» WORK TASK: Beneath this line sits some data. Return only its lines from the one holding "Zucchini isolated on" through the one holding "Foto de Mujer", inclusive, exactly, with the images removed.

» PROVIDED RECORDS:
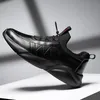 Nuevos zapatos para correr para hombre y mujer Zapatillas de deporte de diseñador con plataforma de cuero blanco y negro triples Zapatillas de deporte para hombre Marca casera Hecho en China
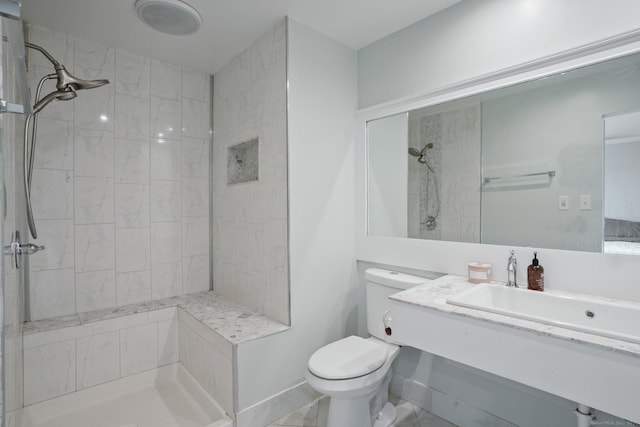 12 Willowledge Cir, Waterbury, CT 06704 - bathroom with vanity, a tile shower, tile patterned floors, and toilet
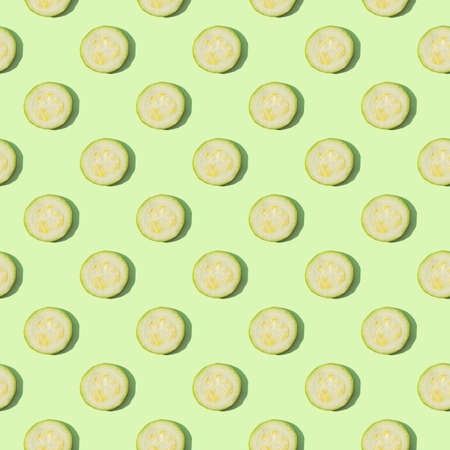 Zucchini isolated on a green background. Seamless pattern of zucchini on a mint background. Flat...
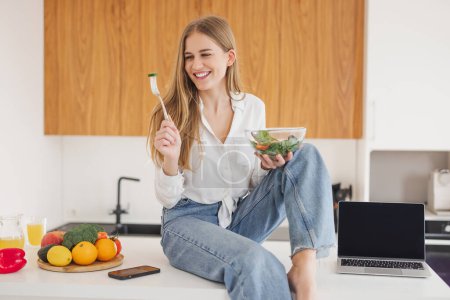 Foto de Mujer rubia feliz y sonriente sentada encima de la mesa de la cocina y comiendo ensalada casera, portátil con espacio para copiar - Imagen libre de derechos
==
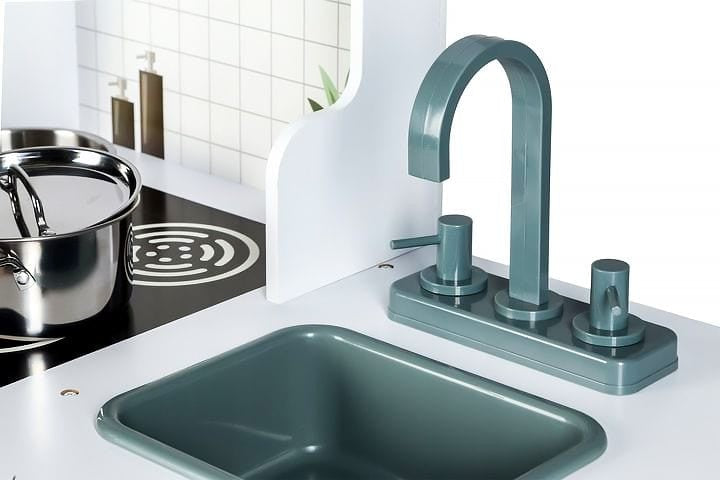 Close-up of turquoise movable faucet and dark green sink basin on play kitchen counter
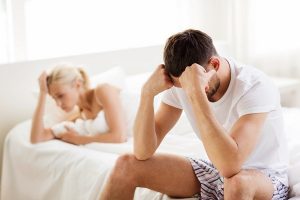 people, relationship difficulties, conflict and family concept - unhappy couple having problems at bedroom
...
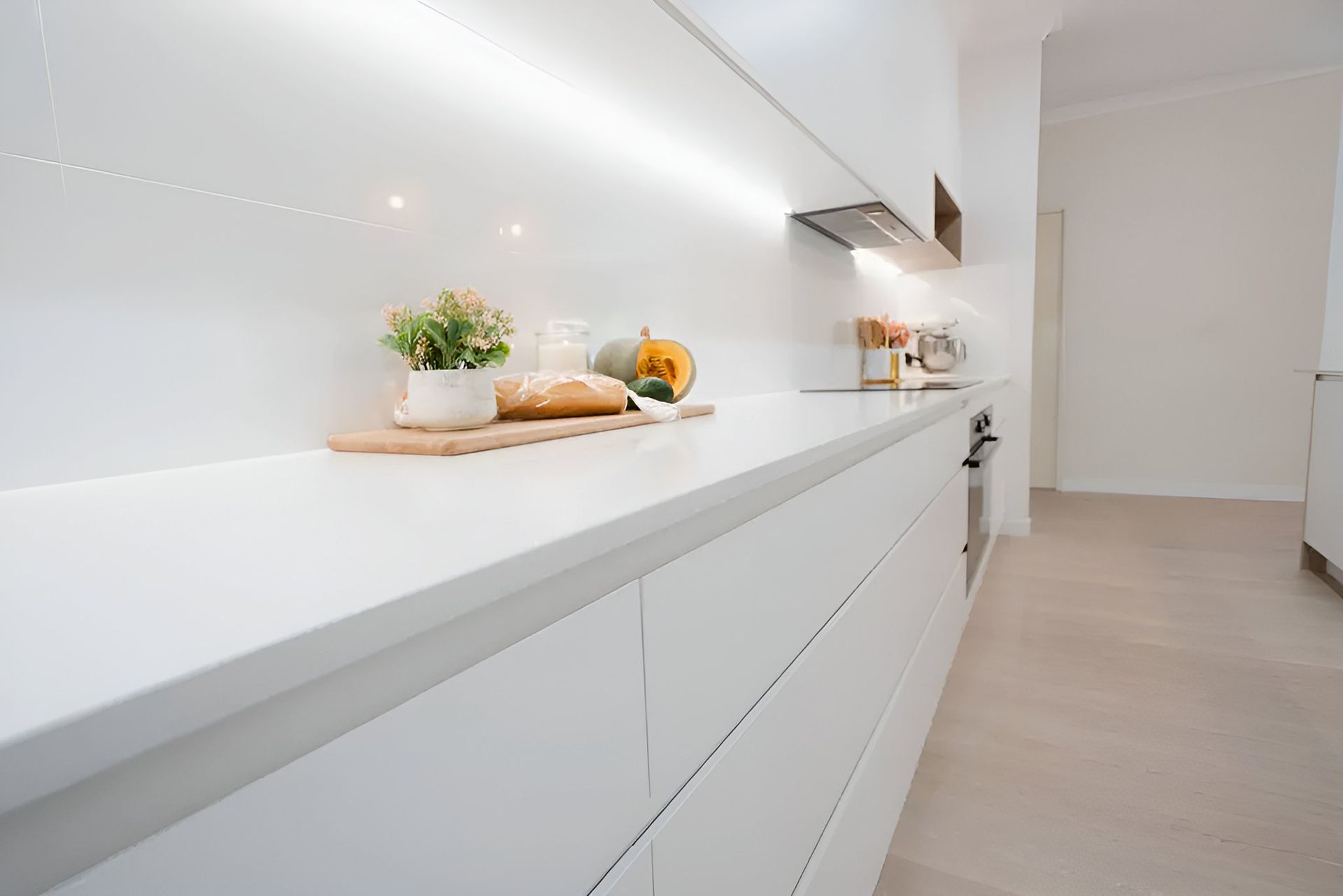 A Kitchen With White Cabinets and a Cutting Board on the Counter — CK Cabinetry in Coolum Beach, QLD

» ANSWER FOR THIS EXERCISE:
 Zucchini isolated on a green background. Seamless pattern of zucchini on a mint background. Flat...
 Foto de Mujer rubia feliz y sonriente sentada encima de la mesa de la cocina y comiendo ensalada casera, portátil con espacio para copiar - Imagen libre de derechos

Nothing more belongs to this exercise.